The M2sCD is the firm’s most affordable CD player, sitting below the M3 and M6 models. The latter, which is positioned as a digital hub rather than just a CD player, will set you back well over three times the asking price of the M2sCD. Although initially launched at £799, most retailers are now offering the player for a hundred pounds less.


Musical Fidelity M2sCD build

(Image credit: Future)

Musical Fidelity has opted for a sleek, fuss-free design, with a small silver M2sCD insignia plate the only real flourish in terms of bodywork.

Combined with the player’s dimensions, it reminds us of the opening mechanism of a quality black briefcase, albeit in brushed aluminium rather than leather.

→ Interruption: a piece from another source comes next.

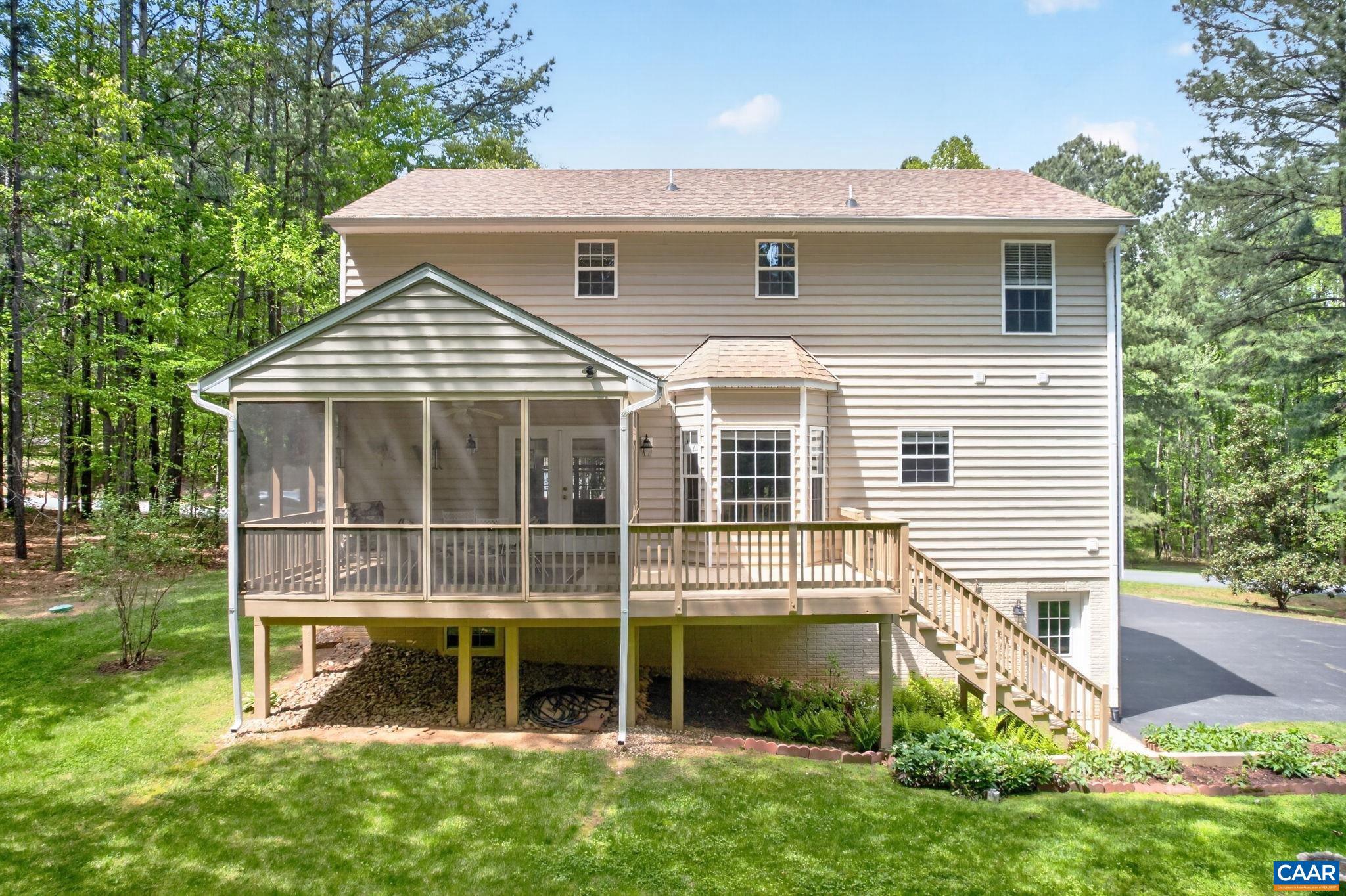 PREDDY CREEK - Residential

Musical Fidelity M2sCD tech specs

(Image credit: Future)

Output impedance 50 ohms

Frequency response 10Hz to 20kHz

Maximum power 20W

Dimensions (hwd) 10 x 44 x 37.5cm

Weight 6.65kg

There are six small, silver, circular control buttons located in a line below the digital screen. This row is split by a centrally positioned IR receiver. 

It's right in the middle of the action and does get in the way somewhat, but the buttons feel precise and are pleasing to push. Otherwise, there’s little to dislike here in terms of the aesthetic.

The display is a bright blue colour but, viewing angles could be better. Unless you’re almost directly in front of it, the magnolia digital track information text fades away into the abyss. It can be turned off entirely, and Musical Fidelity claims this will also help minimise noise.


Musical Fidelity M2sCD features

(Image credit: Future)

The M2sCD boasts a mains choke filter alongside its more hi-tech digital stream noise filter. While the former is perhaps a less fashionable approach, Musical Fidelity has used it for some time to help clean up the power supply and give you a better sound.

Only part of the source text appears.